#### Records from a data source
####################

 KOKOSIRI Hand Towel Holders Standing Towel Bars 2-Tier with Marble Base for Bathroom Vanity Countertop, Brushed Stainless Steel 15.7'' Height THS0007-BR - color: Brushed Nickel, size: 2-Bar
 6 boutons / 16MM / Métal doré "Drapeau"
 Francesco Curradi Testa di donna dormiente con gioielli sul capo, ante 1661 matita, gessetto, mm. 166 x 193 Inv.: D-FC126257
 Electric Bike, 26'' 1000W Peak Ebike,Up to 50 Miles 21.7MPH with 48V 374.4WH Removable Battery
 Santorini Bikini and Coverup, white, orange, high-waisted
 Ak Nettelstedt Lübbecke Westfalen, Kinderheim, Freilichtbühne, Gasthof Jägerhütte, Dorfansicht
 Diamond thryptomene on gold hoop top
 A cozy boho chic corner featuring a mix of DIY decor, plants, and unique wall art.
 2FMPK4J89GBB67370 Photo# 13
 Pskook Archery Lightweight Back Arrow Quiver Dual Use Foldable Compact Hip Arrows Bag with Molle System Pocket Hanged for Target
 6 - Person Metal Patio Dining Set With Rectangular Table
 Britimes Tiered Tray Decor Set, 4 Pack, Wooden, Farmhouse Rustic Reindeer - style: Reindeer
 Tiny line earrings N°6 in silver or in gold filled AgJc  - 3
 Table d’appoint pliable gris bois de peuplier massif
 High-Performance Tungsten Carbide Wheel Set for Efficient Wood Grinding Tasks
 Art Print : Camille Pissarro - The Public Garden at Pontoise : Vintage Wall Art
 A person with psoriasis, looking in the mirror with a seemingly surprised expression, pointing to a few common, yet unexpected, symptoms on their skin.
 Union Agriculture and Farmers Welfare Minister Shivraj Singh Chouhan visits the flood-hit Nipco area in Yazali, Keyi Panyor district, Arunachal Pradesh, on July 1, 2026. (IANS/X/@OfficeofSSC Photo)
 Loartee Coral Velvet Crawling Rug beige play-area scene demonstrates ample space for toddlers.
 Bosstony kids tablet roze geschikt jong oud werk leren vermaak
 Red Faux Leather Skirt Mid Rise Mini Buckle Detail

####################

#### Directions for this task
An identical copy of the preceding records should be returned.

#### Solution for this task
 KOKOSIRI Hand Towel Holders Standing Towel Bars 2-Tier with Marble Base for Bathroom Vanity Countertop, Brushed Stainless Steel 15.7'' Height THS0007-BR - color: Brushed Nickel, size: 2-Bar
 6 boutons / 16MM / Métal doré "Drapeau"
 Francesco Curradi Testa di donna dormiente con gioielli sul capo, ante 1661 matita, gessetto, mm. 166 x 193 Inv.: D-FC126257
 Electric Bike, 26'' 1000W Peak Ebike,Up to 50 Miles 21.7MPH with 48V 374.4WH Removable Battery
 Santorini Bikini and Coverup, white, orange, high-waisted
 Ak Nettelstedt Lübbecke Westfalen, Kinderheim, Freilichtbühne, Gasthof Jägerhütte, Dorfansicht
 Diamond thryptomene on gold hoop top
 A cozy boho chic corner featuring a mix of DIY decor, plants, and unique wall art.
 2FMPK4J89GBB67370 Photo# 13
 Pskook Archery Lightweight Back Arrow Quiver Dual Use Foldable Compact Hip Arrows Bag with Molle System Pocket Hanged for Target
 6 - Person Metal Patio Dining Set With Rectangular Table
 Britimes Tiered Tray Decor Set, 4 Pack, Wooden, Farmhouse Rustic Reindeer - style: Reindeer
 Tiny line earrings N°6 in silver or in gold filled AgJc  - 3
 Table d’appoint pliable gris bois de peuplier massif
 High-Performance Tungsten Carbide Wheel Set for Efficient Wood Grinding Tasks
 Art Print : Camille Pissarro - The Public Garden at Pontoise : Vintage Wall Art
 A person with psoriasis, looking in the mirror with a seemingly surprised expression, pointing to a few common, yet unexpected, symptoms on their skin.
 Union Agriculture and Farmers Welfare Minister Shivraj Singh Chouhan visits the flood-hit Nipco area in Yazali, Keyi Panyor district, Arunachal Pradesh, on July 1, 2026. (IANS/X/@OfficeofSSC Photo)
 Loartee Coral Velvet Crawling Rug beige play-area scene demonstrates ample space for toddlers.
 Bosstony kids tablet roze geschikt jong oud werk leren vermaak
 Red Faux Leather Skirt Mid Rise Mini Buckle Detail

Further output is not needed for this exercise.